YouGov now puts Labour’s approval rating at minus 56, matching the dying days of Rishi Sunak. A staggering 73% are dissatisfied with Starmer, with just 19% in favour.

No PM has ever recovered from such a dismal low. Perhaps the only thing Britons can agree on in these divisive times is that Starmer simply isn’t up to the job.

Labour has been here before of course. It dragged the country into its darkest post-war days during the 1970s, and voters refused to trust the party for 18 years afterwards.

When Tony Blair and Gordon Brown left the UK exposed to the global financial crash, Labour was banished for another 14. One failed Tory administration followed another, until voters decided Labour couldn’t be any worse. They were wrong.

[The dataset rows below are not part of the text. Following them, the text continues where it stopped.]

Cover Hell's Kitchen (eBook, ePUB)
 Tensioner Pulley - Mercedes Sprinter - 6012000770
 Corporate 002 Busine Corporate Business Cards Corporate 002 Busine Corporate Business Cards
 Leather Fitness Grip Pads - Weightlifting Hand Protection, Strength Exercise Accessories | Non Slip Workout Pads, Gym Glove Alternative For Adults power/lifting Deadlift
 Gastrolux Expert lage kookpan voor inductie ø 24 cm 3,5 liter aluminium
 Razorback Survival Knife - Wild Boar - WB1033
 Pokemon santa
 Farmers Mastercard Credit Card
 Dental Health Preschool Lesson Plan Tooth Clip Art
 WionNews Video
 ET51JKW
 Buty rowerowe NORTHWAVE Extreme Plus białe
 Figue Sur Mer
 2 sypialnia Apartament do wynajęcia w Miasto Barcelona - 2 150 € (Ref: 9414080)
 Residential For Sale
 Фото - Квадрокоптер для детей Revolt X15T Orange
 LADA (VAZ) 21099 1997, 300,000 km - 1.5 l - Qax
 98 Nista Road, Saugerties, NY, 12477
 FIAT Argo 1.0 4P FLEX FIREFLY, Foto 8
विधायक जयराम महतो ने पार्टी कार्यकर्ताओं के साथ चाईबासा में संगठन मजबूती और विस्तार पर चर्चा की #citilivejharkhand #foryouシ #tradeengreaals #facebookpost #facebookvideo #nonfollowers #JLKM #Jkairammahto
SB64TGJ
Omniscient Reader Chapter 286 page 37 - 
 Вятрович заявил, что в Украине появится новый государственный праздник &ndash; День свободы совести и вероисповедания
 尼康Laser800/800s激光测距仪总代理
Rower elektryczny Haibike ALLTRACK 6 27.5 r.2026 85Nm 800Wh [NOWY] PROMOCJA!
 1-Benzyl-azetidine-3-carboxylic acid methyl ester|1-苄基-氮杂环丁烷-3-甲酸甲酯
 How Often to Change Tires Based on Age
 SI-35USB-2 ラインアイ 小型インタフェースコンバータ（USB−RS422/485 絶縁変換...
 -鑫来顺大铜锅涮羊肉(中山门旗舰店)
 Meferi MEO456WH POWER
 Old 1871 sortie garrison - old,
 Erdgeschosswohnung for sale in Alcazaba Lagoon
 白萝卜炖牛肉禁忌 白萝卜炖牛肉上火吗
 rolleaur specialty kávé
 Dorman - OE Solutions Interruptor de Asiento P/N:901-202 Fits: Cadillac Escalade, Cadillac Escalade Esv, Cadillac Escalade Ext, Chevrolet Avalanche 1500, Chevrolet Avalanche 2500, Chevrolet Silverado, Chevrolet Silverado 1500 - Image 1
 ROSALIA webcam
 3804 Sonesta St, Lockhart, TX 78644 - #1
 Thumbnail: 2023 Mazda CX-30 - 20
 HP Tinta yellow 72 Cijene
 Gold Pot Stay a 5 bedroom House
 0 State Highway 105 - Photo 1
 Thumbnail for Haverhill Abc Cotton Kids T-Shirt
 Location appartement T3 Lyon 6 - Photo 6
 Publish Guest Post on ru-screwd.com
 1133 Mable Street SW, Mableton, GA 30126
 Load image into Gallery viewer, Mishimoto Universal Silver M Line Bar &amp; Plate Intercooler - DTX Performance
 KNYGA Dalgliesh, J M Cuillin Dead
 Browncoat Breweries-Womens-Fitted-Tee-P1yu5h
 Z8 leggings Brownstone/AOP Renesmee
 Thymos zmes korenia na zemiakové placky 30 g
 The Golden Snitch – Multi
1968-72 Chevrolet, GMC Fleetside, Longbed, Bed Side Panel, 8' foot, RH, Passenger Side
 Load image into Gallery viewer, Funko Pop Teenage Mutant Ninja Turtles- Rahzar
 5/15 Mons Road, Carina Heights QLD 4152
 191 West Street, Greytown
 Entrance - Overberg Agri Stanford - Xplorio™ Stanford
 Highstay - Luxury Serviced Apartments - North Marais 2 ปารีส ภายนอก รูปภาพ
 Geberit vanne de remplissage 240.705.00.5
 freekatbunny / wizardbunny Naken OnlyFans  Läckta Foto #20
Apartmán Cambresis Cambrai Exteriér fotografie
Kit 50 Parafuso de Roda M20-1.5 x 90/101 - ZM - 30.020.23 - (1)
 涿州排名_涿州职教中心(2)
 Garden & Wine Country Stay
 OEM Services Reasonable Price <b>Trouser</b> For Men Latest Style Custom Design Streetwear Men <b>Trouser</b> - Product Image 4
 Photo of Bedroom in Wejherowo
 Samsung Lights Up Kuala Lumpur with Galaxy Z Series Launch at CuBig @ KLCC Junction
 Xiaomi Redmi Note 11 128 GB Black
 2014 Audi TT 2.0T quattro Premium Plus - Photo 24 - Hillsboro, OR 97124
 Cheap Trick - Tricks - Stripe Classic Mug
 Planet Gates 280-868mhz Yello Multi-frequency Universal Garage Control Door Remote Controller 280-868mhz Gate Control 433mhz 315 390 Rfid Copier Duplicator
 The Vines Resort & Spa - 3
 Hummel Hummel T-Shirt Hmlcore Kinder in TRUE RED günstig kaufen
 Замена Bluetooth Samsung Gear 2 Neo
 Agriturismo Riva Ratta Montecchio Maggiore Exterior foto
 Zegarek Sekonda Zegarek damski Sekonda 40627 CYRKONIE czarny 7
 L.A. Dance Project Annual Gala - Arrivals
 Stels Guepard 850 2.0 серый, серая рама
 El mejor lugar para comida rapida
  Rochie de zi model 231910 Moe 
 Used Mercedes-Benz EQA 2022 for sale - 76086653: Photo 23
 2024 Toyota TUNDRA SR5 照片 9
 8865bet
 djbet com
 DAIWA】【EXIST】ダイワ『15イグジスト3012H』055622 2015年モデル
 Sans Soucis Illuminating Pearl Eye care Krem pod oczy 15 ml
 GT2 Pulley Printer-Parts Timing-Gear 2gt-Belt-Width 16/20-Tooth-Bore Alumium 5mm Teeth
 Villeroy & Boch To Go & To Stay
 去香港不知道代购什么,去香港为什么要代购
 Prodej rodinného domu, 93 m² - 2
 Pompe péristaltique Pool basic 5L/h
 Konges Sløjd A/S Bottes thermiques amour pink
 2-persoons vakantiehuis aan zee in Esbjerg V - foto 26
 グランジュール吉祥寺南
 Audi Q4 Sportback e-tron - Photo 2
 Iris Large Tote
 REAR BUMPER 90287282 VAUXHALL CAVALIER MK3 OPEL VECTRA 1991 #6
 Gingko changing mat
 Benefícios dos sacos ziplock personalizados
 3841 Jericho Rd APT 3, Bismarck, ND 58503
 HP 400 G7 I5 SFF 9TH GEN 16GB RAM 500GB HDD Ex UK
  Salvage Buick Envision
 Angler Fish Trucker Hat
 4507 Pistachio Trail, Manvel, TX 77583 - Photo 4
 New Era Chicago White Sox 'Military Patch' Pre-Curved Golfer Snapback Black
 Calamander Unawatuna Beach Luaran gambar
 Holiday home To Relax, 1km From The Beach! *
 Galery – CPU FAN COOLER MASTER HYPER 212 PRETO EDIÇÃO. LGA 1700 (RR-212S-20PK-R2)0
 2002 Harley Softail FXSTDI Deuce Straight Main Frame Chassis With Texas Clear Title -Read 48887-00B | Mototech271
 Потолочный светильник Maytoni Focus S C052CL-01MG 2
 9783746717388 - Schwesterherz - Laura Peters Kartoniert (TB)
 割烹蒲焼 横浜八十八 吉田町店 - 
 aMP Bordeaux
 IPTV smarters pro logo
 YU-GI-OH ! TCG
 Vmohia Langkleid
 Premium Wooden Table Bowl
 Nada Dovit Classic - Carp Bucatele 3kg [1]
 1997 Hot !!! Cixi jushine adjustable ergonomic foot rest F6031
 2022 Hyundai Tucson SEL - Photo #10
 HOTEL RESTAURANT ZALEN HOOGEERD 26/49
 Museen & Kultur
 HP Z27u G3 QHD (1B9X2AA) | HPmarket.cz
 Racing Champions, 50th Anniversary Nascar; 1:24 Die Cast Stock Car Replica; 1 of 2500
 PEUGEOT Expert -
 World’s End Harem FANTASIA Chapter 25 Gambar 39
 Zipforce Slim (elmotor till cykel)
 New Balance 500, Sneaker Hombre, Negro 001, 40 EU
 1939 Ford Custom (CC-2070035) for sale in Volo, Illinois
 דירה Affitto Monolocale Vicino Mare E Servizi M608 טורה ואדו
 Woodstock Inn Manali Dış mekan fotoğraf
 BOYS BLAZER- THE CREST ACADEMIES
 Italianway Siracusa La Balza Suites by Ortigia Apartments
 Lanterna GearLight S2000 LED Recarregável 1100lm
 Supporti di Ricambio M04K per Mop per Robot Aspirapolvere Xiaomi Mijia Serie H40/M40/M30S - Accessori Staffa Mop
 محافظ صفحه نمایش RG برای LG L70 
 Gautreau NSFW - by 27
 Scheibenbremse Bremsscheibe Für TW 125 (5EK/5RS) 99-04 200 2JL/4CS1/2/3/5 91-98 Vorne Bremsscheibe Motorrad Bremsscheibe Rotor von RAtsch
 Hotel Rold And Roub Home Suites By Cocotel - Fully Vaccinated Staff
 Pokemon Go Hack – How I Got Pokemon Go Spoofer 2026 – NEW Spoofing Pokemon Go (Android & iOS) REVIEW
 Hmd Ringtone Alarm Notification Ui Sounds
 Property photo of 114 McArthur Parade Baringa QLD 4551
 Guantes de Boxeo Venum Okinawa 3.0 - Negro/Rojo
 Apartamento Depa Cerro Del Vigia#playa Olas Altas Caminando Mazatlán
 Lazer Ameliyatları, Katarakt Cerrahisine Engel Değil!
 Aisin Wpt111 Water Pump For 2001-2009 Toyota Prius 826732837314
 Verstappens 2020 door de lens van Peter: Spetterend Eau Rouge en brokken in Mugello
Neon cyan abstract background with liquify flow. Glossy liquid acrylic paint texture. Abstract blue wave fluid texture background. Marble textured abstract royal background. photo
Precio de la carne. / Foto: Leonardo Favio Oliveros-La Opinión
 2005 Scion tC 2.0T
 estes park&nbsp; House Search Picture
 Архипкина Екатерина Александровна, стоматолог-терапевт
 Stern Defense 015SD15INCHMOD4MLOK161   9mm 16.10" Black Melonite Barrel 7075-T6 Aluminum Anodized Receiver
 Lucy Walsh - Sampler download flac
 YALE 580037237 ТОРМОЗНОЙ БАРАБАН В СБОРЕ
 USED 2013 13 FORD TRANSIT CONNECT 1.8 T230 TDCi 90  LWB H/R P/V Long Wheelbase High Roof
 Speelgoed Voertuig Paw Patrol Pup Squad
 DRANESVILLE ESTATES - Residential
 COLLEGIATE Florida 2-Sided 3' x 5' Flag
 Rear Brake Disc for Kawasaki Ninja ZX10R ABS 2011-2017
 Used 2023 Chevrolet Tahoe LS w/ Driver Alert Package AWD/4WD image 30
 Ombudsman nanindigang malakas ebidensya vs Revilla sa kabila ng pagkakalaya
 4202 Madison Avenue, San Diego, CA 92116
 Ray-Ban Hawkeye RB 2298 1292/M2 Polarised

Starmer was sold as steady and reliable. Instead, he appears detached, evasive and prone to denial. His instinct when confronted with a problem is to pretend it doesn’t exist – or simply to lie.

My bet is that Rachel Reeves will deliver the fatal blow. She’ll bring Labour to its knees through sheer ineptitude as the economy spins out of her grasp.

Every Budget tax hike Reeves imposes this autumn – and there will be plenty – will alienate voters, crush growth and leave the public finances in even deeper disarray.

It could all end in a run on the pound and IMF-style bailout, a humiliation not seen since 1976. Labour won’t survive that. When Starmer is swept from power, it could be goodnight Labour.

Many would love that but be warned: what comes next may be even worse.

The Tories have vanished from view, and voters seem to prefer it that way. That leaves Nigel Farage’s Reform as the obvious successor.

Yet Farage knows his own dilemma: he can’t attack the bloated state without hitting many of his own supporters.

On the left, Starmer’s collapse will unleash a cacophony of splinter groups. Zarah Sultana and Jeremy Corbyn’s new project, temporarily called “Your Party”, is so chaotic it can’t even decide on its name. Among the online suggestions are “People’s Front of Judea” and “Votey McVoteface”. Whatever emerges will be a bad joke.

There’s also Ed Davey’s virtue-signalling Lib Dems, the Greens, and a string of extremists on both left and right, along with a growing army Islamists and street agitators, all hoping to profit from Britain’s decline. None has any plan to balance the books or rein in the deficit.

For all its incompetence, Labour at least offered a bulwark against far-left chaos. If Starmer destroys his party, that barrier may be gone. We won’t miss Labour, but we won’t enjoy what comes after.